- Za nami bardzo ciężki mecz - stwierdził na wstępie pomeczowej wypowiedzi Sławomir Szymala. - Zwłaszcza w pierwszej połowie wyglądaliśmy nie najlepiej. Ciężko byłoby przestawić się z naszego boiska na te w Rajczy. Jak wiadomo u nas jest przecież lotnisko - dodał żartobliwie szkoleniowiec LKS-u Bestwina, która wygrała 3:2 po bramkach strzelonych w drugiej połowie. - W pierwszej połowie Soła była lepsza i zasłużenie prowadziła. Muszę przyznać, że nie widziałem jeszcze tak grającego zespołu z Rajczy.
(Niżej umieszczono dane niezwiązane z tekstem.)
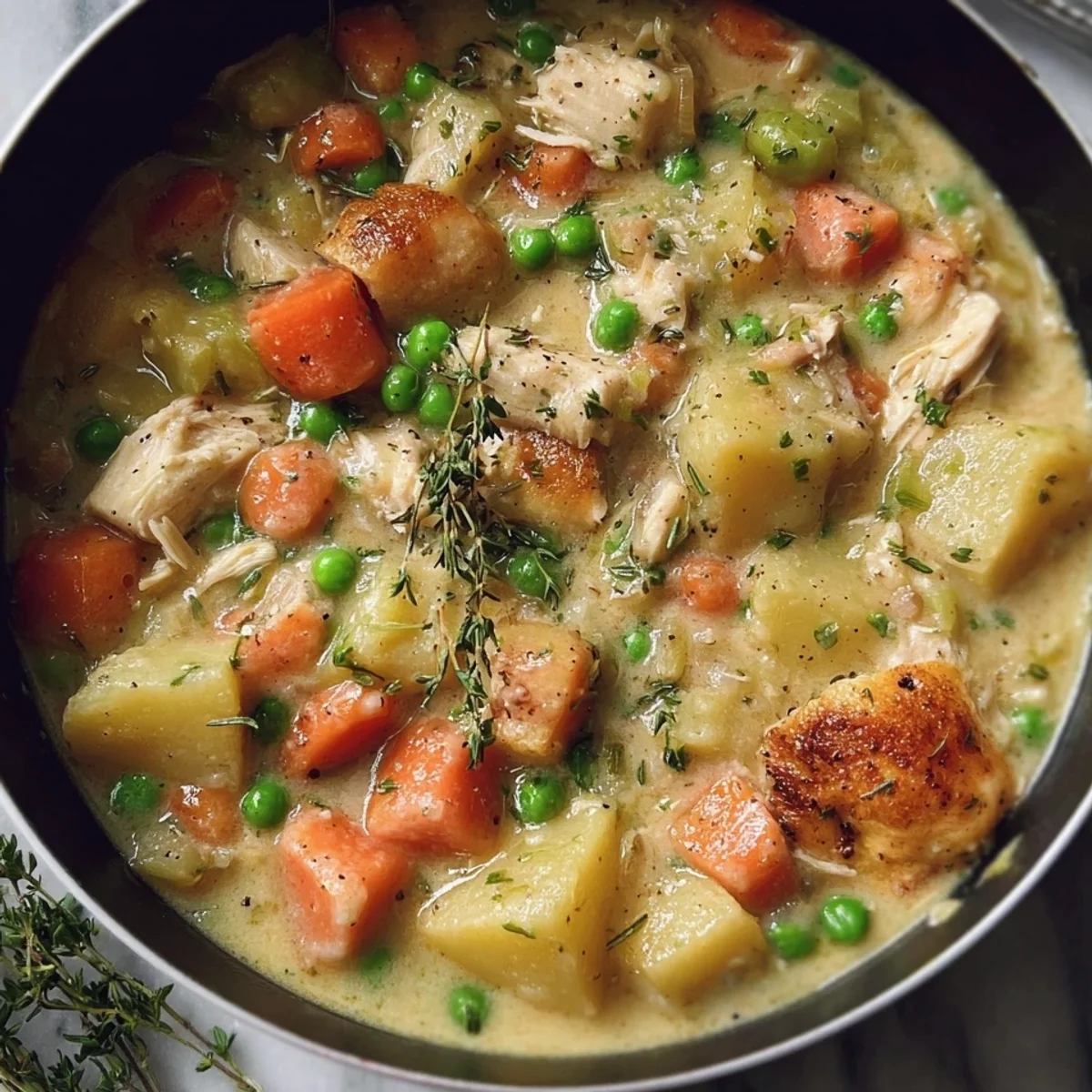 Healthy Chicken Pot Pie Soup: Protein Comfort Meal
Gospodarze chcieli grać w piłkę, a nie tylko ją wykopywać. Jeżeli dodamy do tego jeszcze ich ambitną postawę, to muszę stwierdzić, że fajnie to wyglądało - słyszymy.
 
Ekipa z Bestwiny, wygrywając w niedzielę, umocniła się na 5. miejscu w tabeli Bielskiej Ligi Okręgowej. - Nie twierdzę, że byliśmy lepsi. Ale przed tygodniem w starciu z Błyskawicą Drogomyśl byliśmy, a nie wygraliśmy. Taka jest piłka - podsumował Szymala, którego piłkarze w następnej kolejce rozegrają derbowe starcie z KS Bestwinka.